Data Visualization
The Story
The above graph shows the prices of wine in dependent on a the wine’s country of origin according to data fromopendatabc.ca. These prices are for wines sold in British Columbia Liquor Stores. As we can see, French wines tend to be much more expensive then the wines of any another country, with a median price exceeding $100 per litre.
This raises questions regarding the impact of a country’s “brand” on the price of its wine. Are we willing to pay so much more for French wine, simply because it is French? Or perhaps there are other characteristics which make French wine significantly more expensive than any other wine. This is especially interesting considering wines from countries such as Australia, South Africa, and Spain have recently received international awards1.
An example of the power of branding can be seen in the example of champagne. Champagne is a sparkling wine which is produced from the Champagne region in France following specific production guidelines. While sparkling wine can come from anywhere in the world, champagne must come from this specific region in France, despite the two often being synonymous for consumers. Champagne’s appeal to consumers has given this region of France the ability to sell their sparkling wine for high prices, some topping $1,500 per litre. However, it should be noted France’s red wine is also high priced, with some being priced over $6,000 per litre without touting the champagne brand.

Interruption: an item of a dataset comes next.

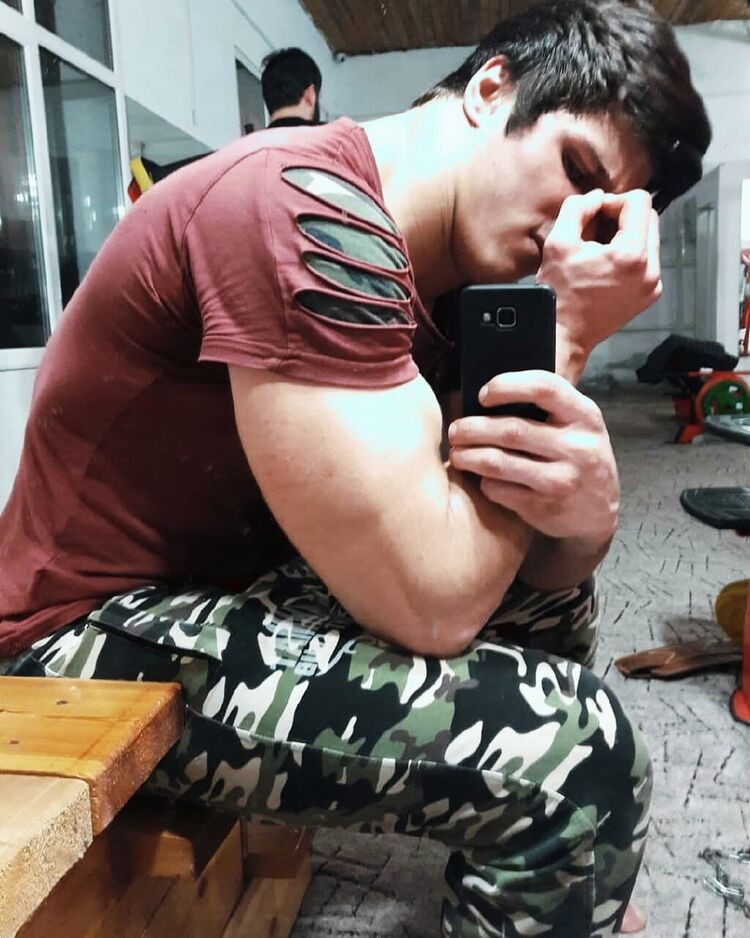  ,   , 35 ,   ,   , c 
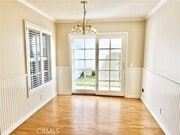 Photo - 30 Racing Wind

I suppose this should raise questions regarding how we value our wine. Do prices rely heavily on a country’s wine brand? Or are French wine producers able to consistently turn out better wines then the rest of the world? If this is the case, perhaps award winning wine producers from countries such as Australia, South Africa and Spain can begin matching the prices of their French competition.
The Reflection
As this was my first box-plot, I am very happy with how it turned out. I believe this graph presents an interesting story about wine prices and makes for an interesting discussion. I am particularly happy with how the guide for reading the box-plot turned out. I believe this greatly improves the clarity of this graph in a simple way.
One thing I would try to change about this graph is to have the boxes represent a traditional three number summary (minimum, median, maximum), rather than the interquartile range. I was unable to find a way to do this within ggplot2, but would try to dig a little deeper into how I may implement this in the future.
The Process
This graph was produced using the “BC Liquor Store Product Price List”2 made available on opendatabc.ca. This dataset contains the prices of 5,563 products sold in BC Liquor Stores, as well as the characteristics of the products. These characteristics included category (ie. Wine, Spirit, Beer), alcohol content, and origin country.

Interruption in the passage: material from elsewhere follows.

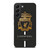 LIVERPOOL FC LOGO YNWA Samsung Galaxy S22 Plus Case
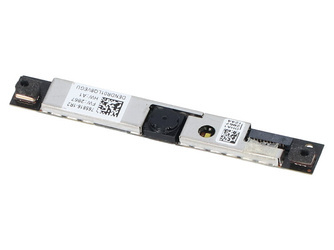 Kamera do HP Elitebook 840 G2 765816-1R2 U27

Once I had acquired this dataset, I was able to begin exploring it. I soon found this dataset listed over 3,500 wines, originating from a wide variety of countries. I was intrigued by this and decided to compare the prices of wine based on their origin country.

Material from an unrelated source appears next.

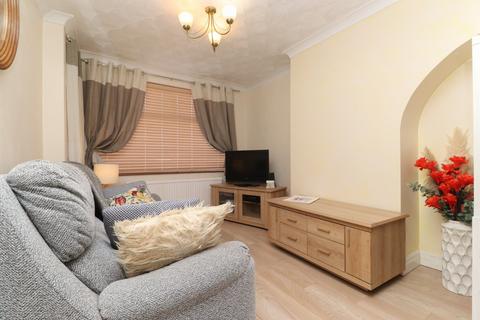 undefined, Nash Court Gardens, Margate, Kent, CT9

To begin, I needed to find the price per Litre of each wine which was sold. This was done by first finding the number of litres with each sale, by multiplying the number of containers per sale by the number of litres per container. From here, I was able to divide the price of the product by the total litres of wine to get the final price per litre.
After I found the price per litre of wine, I began comparing measures of centrality across countries of origin. I began by simply comparing the means between countries. This showed wines originating in France had an average price/L of almost $300, while all other countries had means below $120. After continuing to explore the raw data, I found these simple means were unable to tell the full story of wine prices. For example, France has a total of nine wines which cost over $3000 per Litre, making their average wine price seem like a bargain. I decided there was perhaps a better story tell using the price distributions rather than a simple mean.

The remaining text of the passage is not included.